Task:
Word for word, reproduce all entries below, leaving every picture out.

The records:
-=-=-=-=-

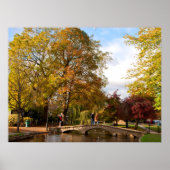Autumn Trees Bourton op het Poster van de waterkra (Voorkant)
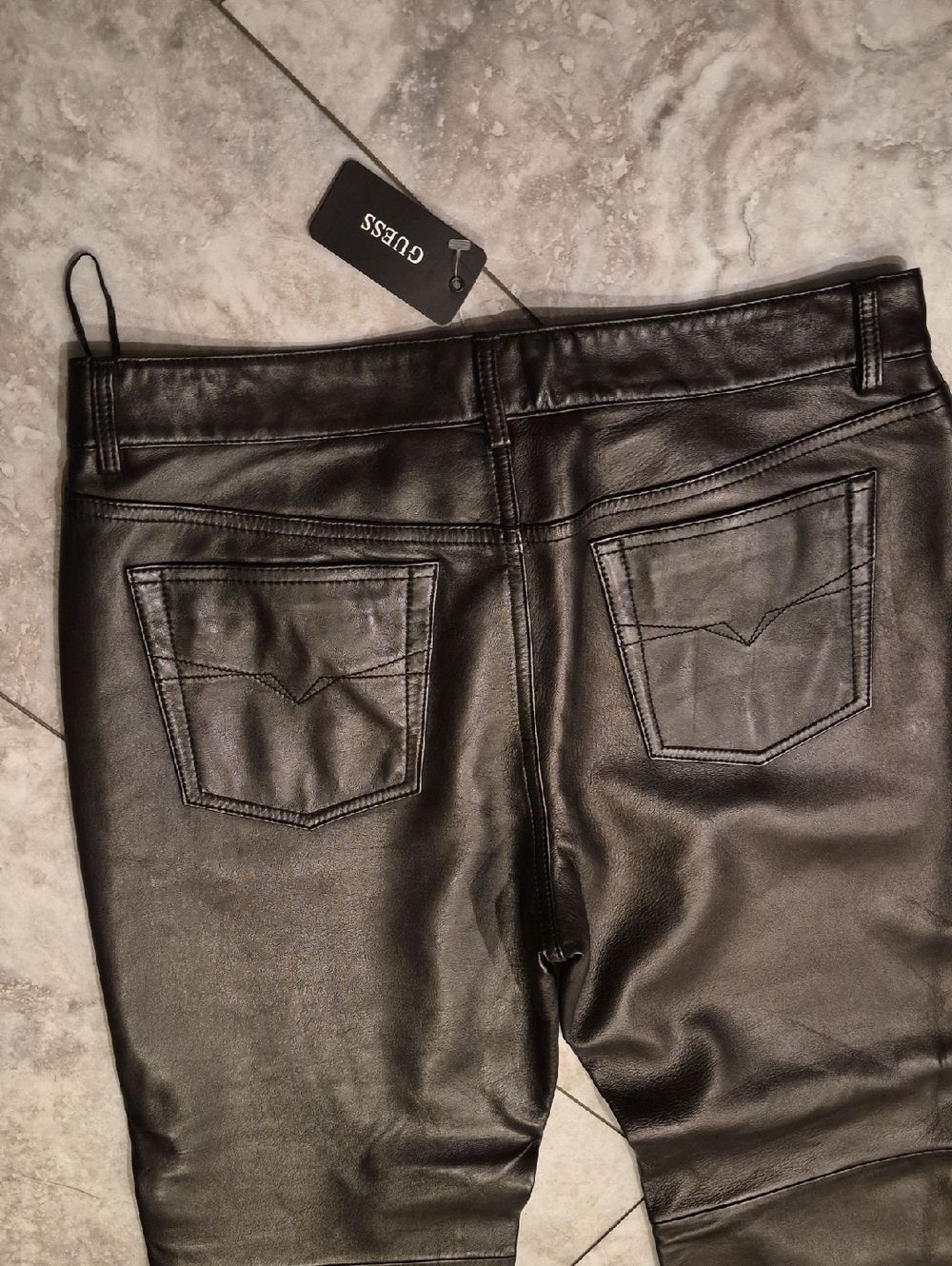 GUESS NWT REAL GENUINE SOFT LEATHER STRAIGHT CUT HIGH RISE JEANS SIZE 10 - Picture 10 of 10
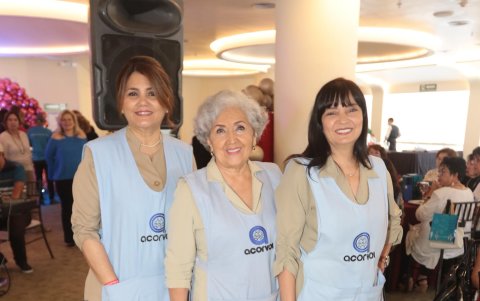 María Dolores Recalde, Susana Bermeo y Ericka Ortiz.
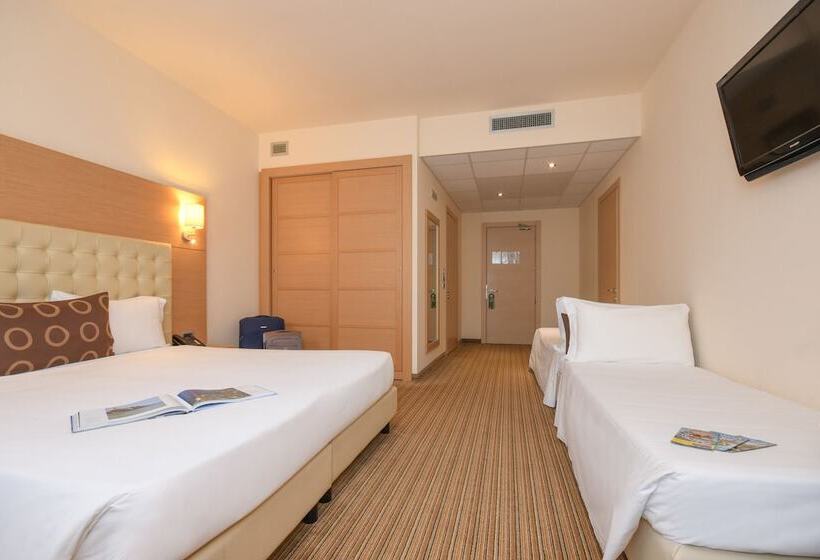 四人标准间, Th Lazise   Hotel Parchi Del Garda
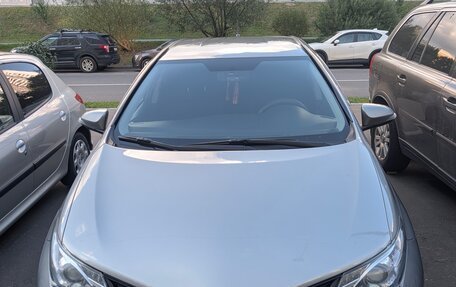 Toyota Auris II, 2013 год, 900 000 рублей, 1 фотография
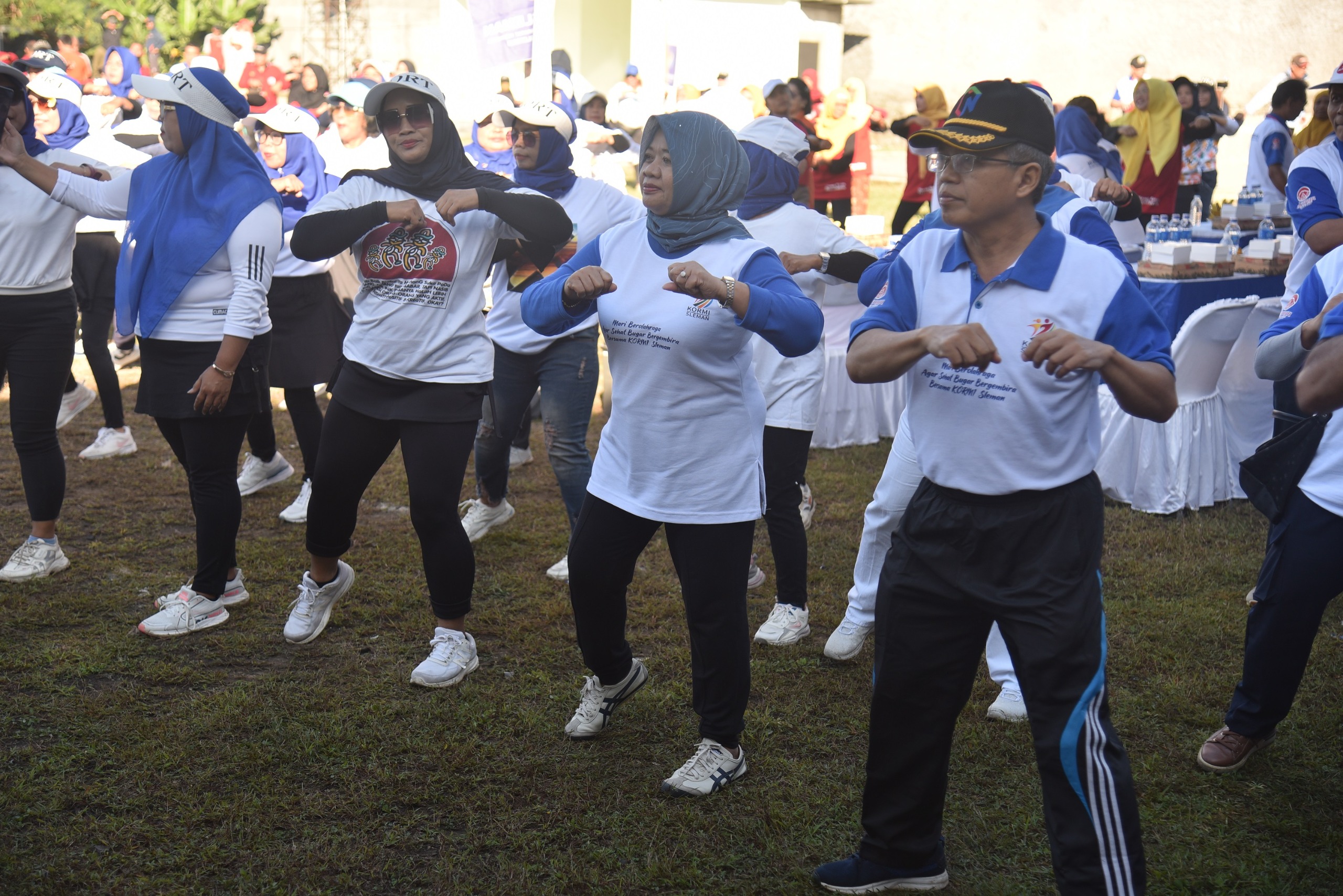 Bupati dan Wakil Bupati Sleman Ikuti Senam Masal bersama KORMI dan Masyarakat Sleman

-=-=-=-=-

Solution below:
Autumn Trees Bourton op het Poster van de waterkra (Voorkant)
 GUESS NWT REAL GENUINE SOFT LEATHER STRAIGHT CUT HIGH RISE JEANS SIZE 10 - Picture 10 of 10
 María Dolores Recalde, Susana Bermeo y Ericka Ortiz.
 四人标准间, Th Lazise   Hotel Parchi Del Garda
 Toyota Auris II, 2013 год, 900 000 рублей, 1 фотография
 Bupati dan Wakil Bupati Sleman Ikuti Senam Masal bersama KORMI dan Masyarakat Sleman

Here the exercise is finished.